Resmi diplomaside ve resmi medyada bunlar olurken Erdoğan mangalda kül bırakmıyor. Ama Filistin’le ilgili diplomaside Erdoğan’ın ağırlığı yok. Zira Erdoğan, iç politikada nasılsa dış politikada da öyle. İdeolojisi ve inancı gereği içerde ayrıştırıyor, ötekileştiriyor, cepheleştiriyor. Aynı şekilde komşuları ve İslam ülkeleri arasında çıkan sorunlarda arabulucu olmak yerine anlaşmazlığın tarafı oluyor. Çok daha somut söylemek gerekirse, Ortadoğu’da ve İslam dünyasında Müslüman Kardeşler eksenli dış politika izliyor. Yemen’de ve Darfur’daki Müslüman katliamına sessiz kalıyor ama Filistin’deki saflaşmada FKÖ’nün değil radikal dinci HAMAS’ın tarafında yer alıyor. HAMAS’la “kardeşlik” düzeyinde yakınlaşınca arabulucu olmak için İsrail’le diyalog kuramadığı gibi ne İslam dünyasını harekete geçirebiliyor ne de uluslararası toplumu.

***

İSRAİL'LE TİCARET FİLİSTİN'LE KASAVET

Erdoğan Müslüman Kardeşler eksenli dış politika izliyor, HAMAS’ı sahipleniyor ama kardeşlik de bir yere kadar. Resmi verilere göre, Türkiye/İsrail ikili ticaret hacmi 2022’de 9 milyar dolar dolayında. İsrail’in en çok ticaret yaptığı ülkeler listesinde Türkiye ilk 10’da yer alıyor. Türkiye’nin İsrail’e ihracatında başı çelik çekiyor. İsrail, ithal ettiği çeliğin yüzde 65’ini Türkiye’den alıyor. Yani İsrail’in en önemli çelik tedarikçisi Türkiye. Bu demek oluyor ki, Gazze’ye düşen bombaların çeliği Türkiye’den gidiyor.

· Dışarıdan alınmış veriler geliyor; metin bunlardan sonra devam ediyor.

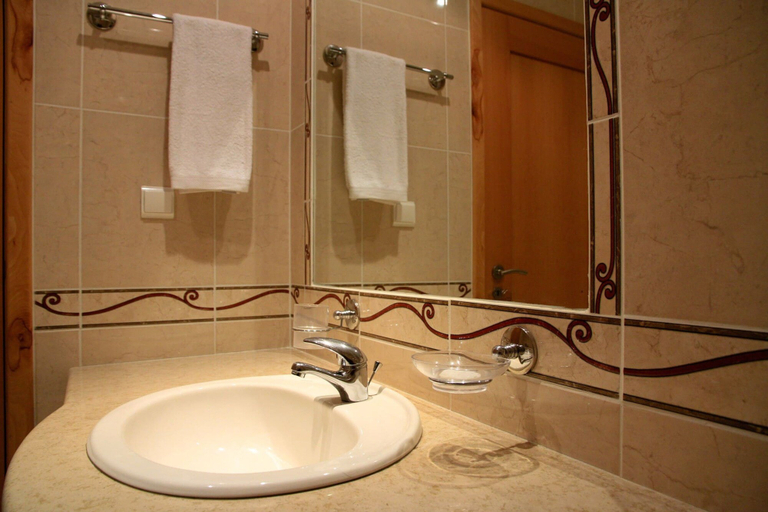 Room 4, 41, Portimão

Irak Kürdistanı’nda çıkarılan petrolün Türkiye üzerinden İsrail’e gittiği sır değil. Azeri petrolünün Türkiye aracılığıyla İsrail’e gittiği de sır değil. “Erdoğan’ın ‘Hamas terör örgütü değildir’ dediği günlerde Seaviolet gemisi Ceyhan limanından aldığı 1 milyon varil ham petrolü İsrail’in Eilat limanına boşaltıyordu.” Bu ticarete Erdoğan’ın oğlu Burak’ın gemi(cik)leri de aracılık ediyor mu? Geçmişte buna ilişkin soru önergeleri TBMM’de yanıt bulamadı.

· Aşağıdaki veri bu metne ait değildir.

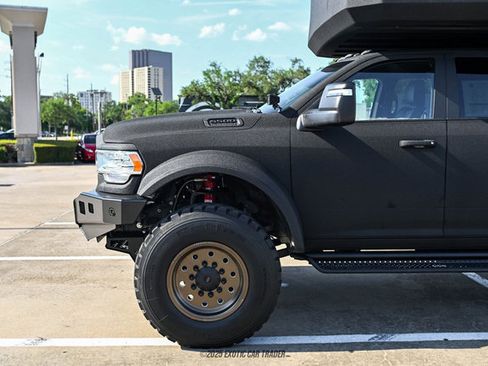 Used 2024 RAM 5500 4x4 Crew Cab image 4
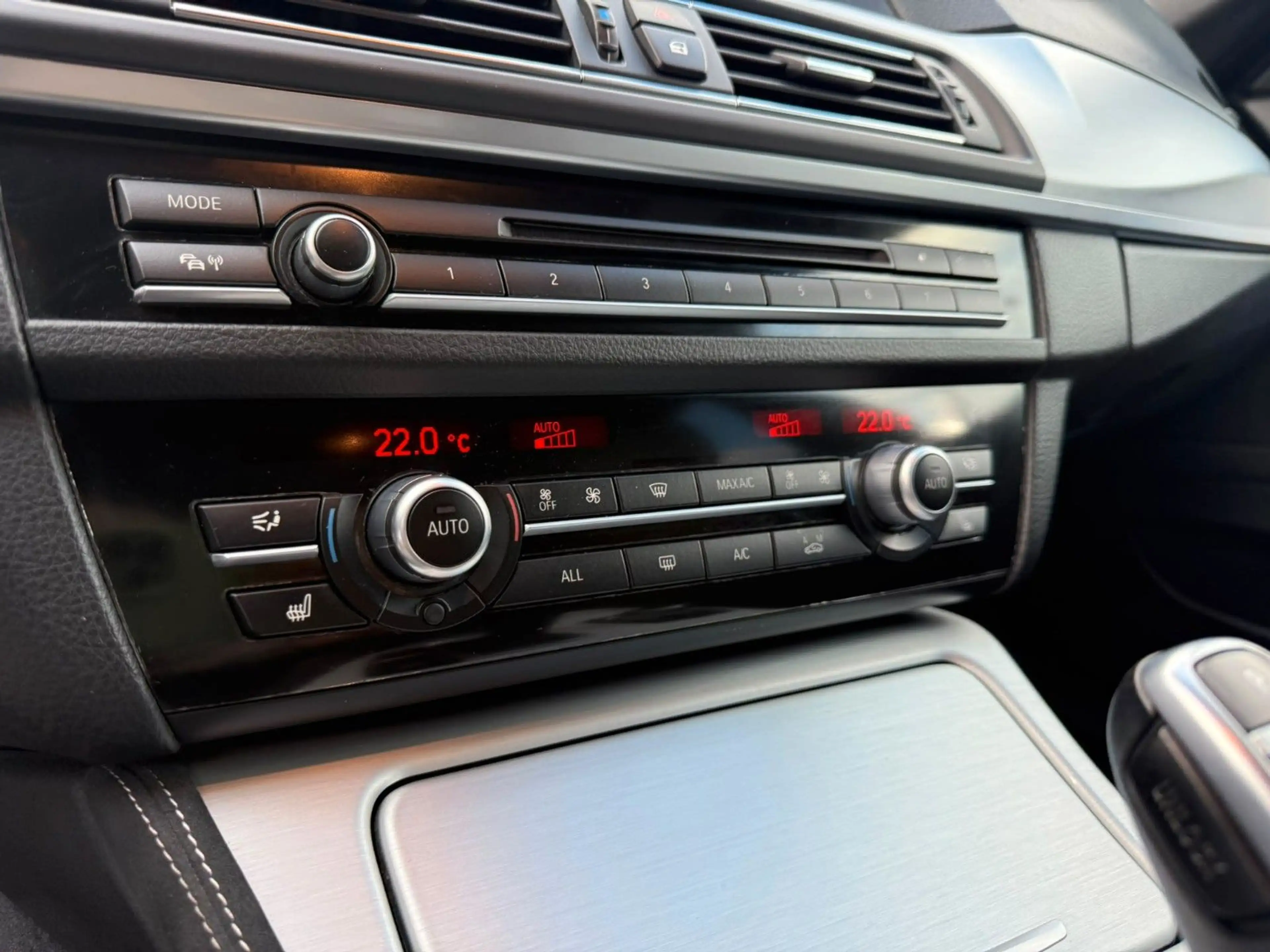 BMW 525 5 Touring xDrive*M-PAKET*GARANTIE*XENON*NAVI — photo 14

Netice-i kelam, AKP Türkiye’si ile İsrail arasındaki ticaret böyle ballı kaymaklı olunca, Erdoğan’ın niçin en üst perdeden İsrail karşıtı söylem tutturduğu çok daha iyi anlaşılıyor.  Kendi itiraflarıdır. Bir dönem AKP Sözcüsü Hüseyin Çelik, Erdoğan’ın İsrail karşıtı söylemini “milletin gazını almak” olarak nitelendirmiş, “Erdoğan’ın bu çıkışları olmasa Türkiye’de antisemitizm daha çok artar” deyivermişti. (Milliyet, 14 Haziran 2010)

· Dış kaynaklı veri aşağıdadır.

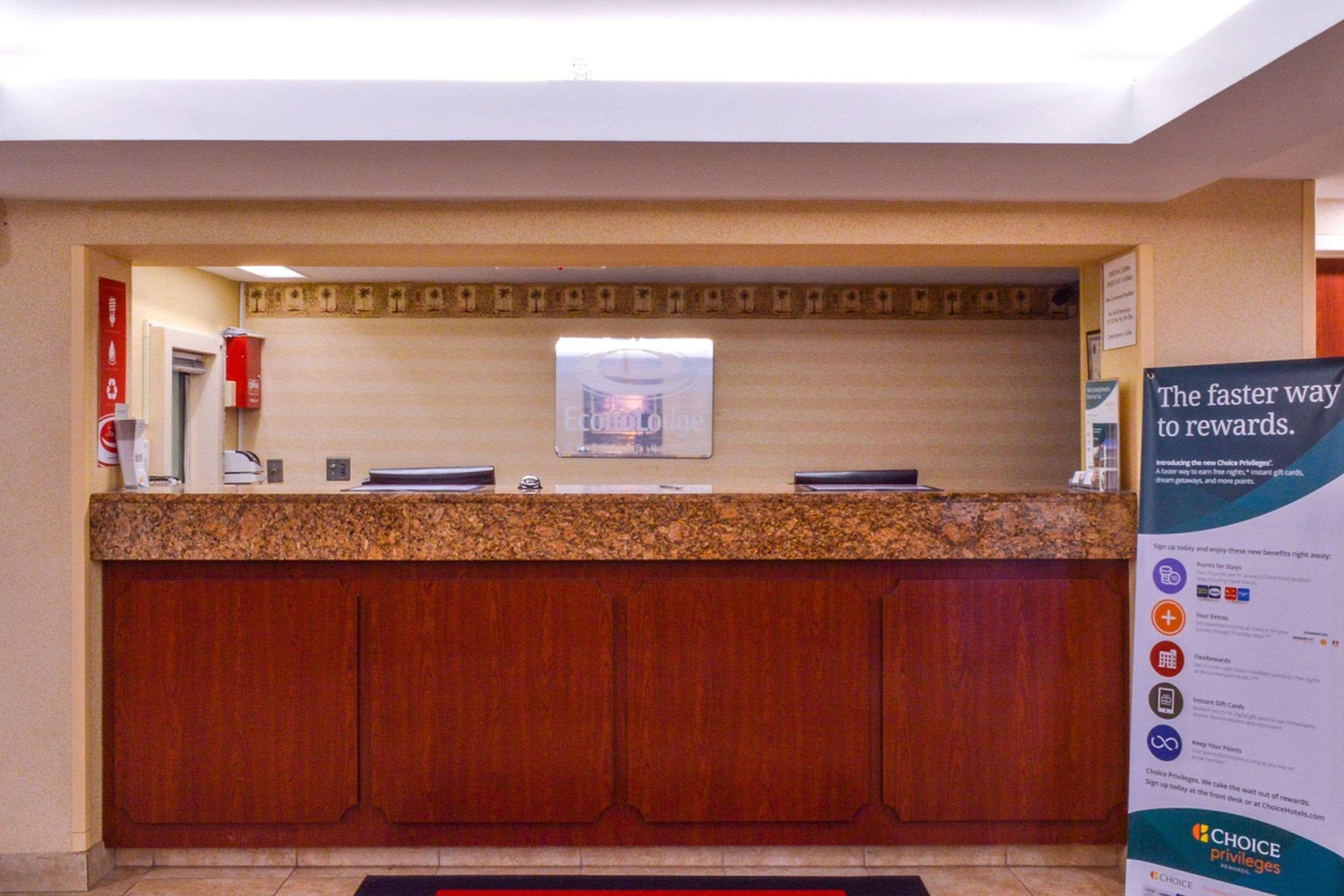 Econo Lodge Willowbrook Kültér fotó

Sözün özü, Filistin’de yaşanan insanlık trajedisi, İsrail bombalarıyla parçalanan çocuk bedenleri, Erdoğan için iç politikada seçmenlerine yönelik propaganda ve ajitasyon için istismar edeceği, sıradan bir mağduriyet olmaktan öte bir değer taşımıyor. Arap ve AKP sermayedarları İsrail’le ticarette kasalarını doldururken olan Filistin halkına oluyor. Bu iğrenç ticareti ikiyüzlülüğü alkışlama görevi de Erdoğan’ın alnı secdeli secdesiz seçmenlerine düşüyor.